What does "fokpz... zpv, cjmm" mean? First some terms...

Encryption or encoding involves taking some text and converting it into some code, so that the original text is "difficult" to understand or interpret.

Decryption or decoding is the opposite process of decryption. It takes an encrypted text and, by some means, deduces the original message.

Character substitution is a form of encryption that encodes text by uniformly substituting one letter for another. For example, I could encrypt "enjoy... yow, bill" into "fokpz... zpv, cjmm" by shifting each character one place... B=>C, i=>j, l=>m, and so on. This subset of character substitution is called shifting or a Caesar code. We will use more general character substitution, however, not shifting.

Letter frequency decryption is a method of decoding text encrypted by character substitution. The frequency of letters in the English language has been studied extensively. An easy example: the letter 'e' occurs in English text far more often than 'z'. A table of letter frequencies can be used to decode text encrypted using character substitution. In short, the frequencies of letters in an encrypted message (even with the letters jumbled) should approximate those in regular English text. We will research this topic more in class.

Here's a nice wikipedia link on letter frequency decryption:

http://en.wikipedia.org/wiki/Letter_frequencies

and another on using frequencies for decryption:

http://en.wikipedia.org/wiki/Frequency_analysis

  


Three jobs

We will work in teams of three. Oddly, there are three jobs to be done.

  1. The project leader will have many hats: coordinate the team communication, research and design efforts, build main() using the software of other team members, and report progress back to the (completely out of touch technically) VP in charge... me. I'll need those TPS reports every Monday morning.
  2. The CharMap guy will design, code and test the CharMap class.
  3. The FreqList guy will design, code and test the FreqList class.

FYI: I dislike these class names... old age, writer's block, whatever. Please feel free to do better.

All team members will participate in researching decryption techniques, gathering text sources to encrypt/decrypt, designing these CharMap and FreqList classes, and designing the program in general.

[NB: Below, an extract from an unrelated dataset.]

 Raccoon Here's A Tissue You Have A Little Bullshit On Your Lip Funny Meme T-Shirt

Classes and code may be designed as a group, but please keep the actually coding boundaries intact... CharMap guy does the CharMap class, etc.

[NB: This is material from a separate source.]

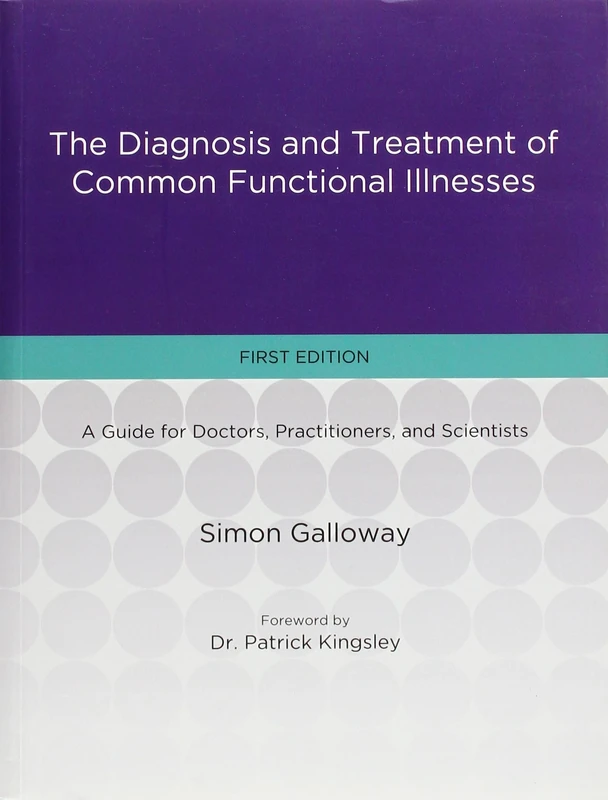 The Diagnosis and Treatment of Common Functional Illnesses: 1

ITS is setting up shared k: drive folders for each team. I will provide class/lab time for team meetings, but project leaders should immediately harvest team emails and such to further communication inside each group.

The CharMap Guy/Class

The CharMap class is used to do character substitution. This includes:

  • map a char... 'y' => 'g', for example
  • create a random mapping of each char
  • encode a char, using a mapping
  • decode a char, reversing the mapping
  • encrypt a file by encoding each char in a file
  • decrypt a file by decoding each char in a file
  • read/write a CharMap object from/to a file

My CharMap files look like this:

%CharMap%
<letter1> <substitute_letter2>
<letter2> <substitute_letter2>
...

I use the %CharMap% as a magic number at the top of the file to identify it as a CharMap file. It's an old Unix thing. Also, here's an example of a nice CharMap file: start_map.txt

The FreqList Guy/Class

The FreqList class is used to track the frequency of letters in text, including:

  • get/set the count and/or frequency of a char
  • increment the count of a char
  • count all the occurrences of a char in a file
  • sort the FreqList data by char count
  • get a char from this sorted order... the first char being the most common, the second being second most common and so on
  • read/write FreqList files from/to a file

FreqList files look like this:

%FreqList%
<letter1> <count> <frequency>
<letter2> <count> <frequency>
...

Here's an example of a FreqList file: start_freqs.txt

The Project Leader: Encryption/Decryption

The job of the project leader will be to use the CharMap and FreqList classes to implement actual encryption and decryption algorithms. Please see Figure 1 attached which describes the encryption and decryption processes.

The encryption process:

  1. Read in a text file
  2. Either read a CharMap file or generate a new, random one
  3. Use the CharMap to encode each char in the input file
  4. Write these new encoded chars to an output encrypted file
  5. You probably want to save the CharMap as well, if you generated it.

The decryption process:

  1. Read in an encrypted file
  2. Create a new FreqList and count the occurrences of chars in the encrypted file
  3. Read a FreqList file (or two) of representative character frequencies for your decryption... more on this in a second.
  4. Create a CharMap using the two FreqLists: the one for the encrypted file, and the one with the representative sample.
  5. Apply the CharMap to decode each letter in the encrypted file
  6. Write these decoded chars to an output file. Again, you'll probably want to save that CharMap and maybe the FreqList too.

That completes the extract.